■ **Task prompt**:
Every record shown here must be duplicated without change.
= Beginning of Section =
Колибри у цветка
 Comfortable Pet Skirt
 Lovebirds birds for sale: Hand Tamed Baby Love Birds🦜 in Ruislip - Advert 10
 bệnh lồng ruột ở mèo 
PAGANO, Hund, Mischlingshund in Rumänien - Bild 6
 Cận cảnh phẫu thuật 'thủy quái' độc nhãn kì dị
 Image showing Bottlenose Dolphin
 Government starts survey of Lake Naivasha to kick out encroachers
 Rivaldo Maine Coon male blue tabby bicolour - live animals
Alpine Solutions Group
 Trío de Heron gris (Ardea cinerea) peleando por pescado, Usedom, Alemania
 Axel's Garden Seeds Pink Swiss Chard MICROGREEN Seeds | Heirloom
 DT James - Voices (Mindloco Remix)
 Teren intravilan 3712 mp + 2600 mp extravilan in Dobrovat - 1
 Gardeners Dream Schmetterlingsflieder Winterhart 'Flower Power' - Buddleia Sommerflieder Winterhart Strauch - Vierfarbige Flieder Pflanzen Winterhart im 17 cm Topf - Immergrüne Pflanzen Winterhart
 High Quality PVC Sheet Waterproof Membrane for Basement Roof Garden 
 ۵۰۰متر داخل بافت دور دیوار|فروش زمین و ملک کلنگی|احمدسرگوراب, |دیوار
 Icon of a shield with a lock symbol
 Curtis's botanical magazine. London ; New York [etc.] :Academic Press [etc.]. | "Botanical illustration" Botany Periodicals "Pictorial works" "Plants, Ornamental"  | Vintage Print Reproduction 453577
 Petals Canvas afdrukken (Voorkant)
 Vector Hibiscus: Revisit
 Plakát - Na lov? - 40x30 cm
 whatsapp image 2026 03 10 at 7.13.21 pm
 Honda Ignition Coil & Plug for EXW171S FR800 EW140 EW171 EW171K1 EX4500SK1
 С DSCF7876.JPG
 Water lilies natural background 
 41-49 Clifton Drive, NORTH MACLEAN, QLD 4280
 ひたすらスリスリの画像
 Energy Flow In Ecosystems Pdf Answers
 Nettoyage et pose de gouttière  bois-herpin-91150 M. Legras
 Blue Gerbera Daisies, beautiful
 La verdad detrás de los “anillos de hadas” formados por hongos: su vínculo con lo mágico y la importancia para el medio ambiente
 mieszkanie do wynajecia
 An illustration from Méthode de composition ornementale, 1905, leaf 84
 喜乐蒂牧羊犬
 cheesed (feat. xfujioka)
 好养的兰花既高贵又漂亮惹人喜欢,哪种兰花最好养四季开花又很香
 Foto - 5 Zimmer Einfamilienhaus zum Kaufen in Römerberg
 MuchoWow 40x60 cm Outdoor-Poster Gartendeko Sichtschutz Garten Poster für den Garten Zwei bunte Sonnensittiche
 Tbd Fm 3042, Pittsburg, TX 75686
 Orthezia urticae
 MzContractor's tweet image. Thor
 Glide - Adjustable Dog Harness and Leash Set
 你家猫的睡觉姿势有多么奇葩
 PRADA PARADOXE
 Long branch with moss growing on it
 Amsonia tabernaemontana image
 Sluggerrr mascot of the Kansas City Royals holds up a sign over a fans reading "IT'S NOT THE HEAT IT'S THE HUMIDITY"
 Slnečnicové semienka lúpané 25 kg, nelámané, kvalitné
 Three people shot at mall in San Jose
= End of Section =
■ **Solution for this task**:
Колибри у цветка
 Comfortable Pet Skirt
 Lovebirds birds for sale: Hand Tamed Baby Love Birds🦜 in Ruislip - Advert 10
 bệnh lồng ruột ở mèo 
PAGANO, Hund, Mischlingshund in Rumänien - Bild 6
 Cận cảnh phẫu thuật 'thủy quái' độc nhãn kì dị
 Image showing Bottlenose Dolphin
 Government starts survey of Lake Naivasha to kick out encroachers
 Rivaldo Maine Coon male blue tabby bicolour - live animals
Alpine Solutions Group
 Trío de Heron gris (Ardea cinerea) peleando por pescado, Usedom, Alemania
 Axel's Garden Seeds Pink Swiss Chard MICROGREEN Seeds | Heirloom
 DT James - Voices (Mindloco Remix)
 Teren intravilan 3712 mp + 2600 mp extravilan in Dobrovat - 1
 Gardeners Dream Schmetterlingsflieder Winterhart 'Flower Power' - Buddleia Sommerflieder Winterhart Strauch - Vierfarbige Flieder Pflanzen Winterhart im 17 cm Topf - Immergrüne Pflanzen Winterhart
 High Quality PVC Sheet Waterproof Membrane for Basement Roof Garden 
 ۵۰۰متر داخل بافت دور دیوار|فروش زمین و ملک کلنگی|احمدسرگوراب, |دیوار
 Icon of a shield with a lock symbol
 Curtis's botanical magazine. London ; New York [etc.] :Academic Press [etc.]. | "Botanical illustration" Botany Periodicals "Pictorial works" "Plants, Ornamental"  | Vintage Print Reproduction 453577
 Petals Canvas afdrukken (Voorkant)
 Vector Hibiscus: Revisit
 Plakát - Na lov? - 40x30 cm
 whatsapp image 2026 03 10 at 7.13.21 pm
 Honda Ignition Coil & Plug for EXW171S FR800 EW140 EW171 EW171K1 EX4500SK1
 С DSCF7876.JPG
 Water lilies natural background 
 41-49 Clifton Drive, NORTH MACLEAN, QLD 4280
 ひたすらスリスリの画像
 Energy Flow In Ecosystems Pdf Answers
 Nettoyage et pose de gouttière  bois-herpin-91150 M. Legras
 Blue Gerbera Daisies, beautiful
 La verdad detrás de los “anillos de hadas” formados por hongos: su vínculo con lo mágico y la importancia para el medio ambiente
 mieszkanie do wynajecia
 An illustration from Méthode de composition ornementale, 1905, leaf 84
 喜乐蒂牧羊犬
 cheesed (feat. xfujioka)
 好养的兰花既高贵又漂亮惹人喜欢,哪种兰花最好养四季开花又很香
 Foto - 5 Zimmer Einfamilienhaus zum Kaufen in Römerberg
 MuchoWow 40x60 cm Outdoor-Poster Gartendeko Sichtschutz Garten Poster für den Garten Zwei bunte Sonnensittiche
 Tbd Fm 3042, Pittsburg, TX 75686
 Orthezia urticae
 MzContractor's tweet image. Thor
 Glide - Adjustable Dog Harness and Leash Set
 你家猫的睡觉姿势有多么奇葩
 PRADA PARADOXE
 Long branch with moss growing on it
 Amsonia tabernaemontana image
 Sluggerrr mascot of the Kansas City Royals holds up a sign over a fans reading "IT'S NOT THE HEAT IT'S THE HUMIDITY"
 Slnečnicové semienka lúpané 25 kg, nelámané, kvalitné
 Three people shot at mall in San Jose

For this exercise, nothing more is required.